Technology Contracting and Driver Implications

In case you have not yet heard, we have officially entered a world of “dynamic” contracting. Agreements that you have to print out (or at least save as a PDF) and have four corners still play an important role, of course, but, in practice, legal agreements—and how they are structured—are not as straightforward creatures as they once were.

More often than not, legal agreements have multiple moving pieces, incorporate third-party terms (that may or may not actually be attached to the agreement or available for your review), and may or may not be named in an informative manner (imagine a benign-looking set of online “Terms of Use” that is actually a comprehensive agreement contemplating the provision and development of software services, with some co-marketing obligations on top of that).

The “contract” (the loaded term it may now be), while perhaps “owned” by a particular department, truly requires the attention of the business stakeholders and the legal/compliance team.
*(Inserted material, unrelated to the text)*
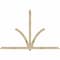 Ekena Millwork Redmond Rough Sawn Timber Gable Bracket, Douglas Fir, 108"W x 72"H x 2"D x 4"F, 16/12 Pitch GBW108X72X0204RED00RDF - alternate 1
Especially key to a successful contracting process are the translation skills that each stakeholder brings to the table (or, more realistically, chain of emails), with the business team needing to appreciate the legal landscape and the legal team needing to understand exactly what is being provided and by whom.

The natural contractual setting to establish any required disclosures, consents, and other data-related mechanisms is in the independent contractor services agreement with drivers. The regulatory framework for those agreements is of course found in the Federal Leasing Regulations set out at 49 CFR 376.12. The regulations are similar to data privacy regulations in that they seek as their chief end the disclosure of conditions and gaining of consent.

The regulations require, among other express provisions, the statement that an independent contractor owner-operator is not required to purchase or rent any equipment from the carrier as a condition of entering into the relationship. Additionally, the regulations require establishing with reasonable specificity the terms for any purchase or rental of equipment through the driver and the mechanism for deduction of associated amounts. Non-compliance with these provisions is subject to a private cause of action on the part of drivers by virtue of 49 USC 14704, and the availability of attorney’s fees. It is imperative, therefore, that the incorporation of technology provisions that allow for the sourcing of any required equipment from sources other than the motor carrier. If the technology is provided through the carrier upon the driver’s election then the terms of purchase, rental, or service must be disclosed.

The more narrow practicalities of contracting for technology use with drivers also require close attention when contracting. Disclosures of the existence or requirement of certain functionality—and in a manner that can be readily understood and will actually assist the driver—is essential. However, pragmatically outlining the entire life cycle for the technology will add to the user experience and lower the risk of confusion. Any elections and costs must be adequately memorialized including possible installation fees, monthly use fees, de-install fees, re-install fees, and loss fees. The terms related to the end of the relationship, or the end of the technology life cycle, will also clarify expectations and avoid surprises for both parties.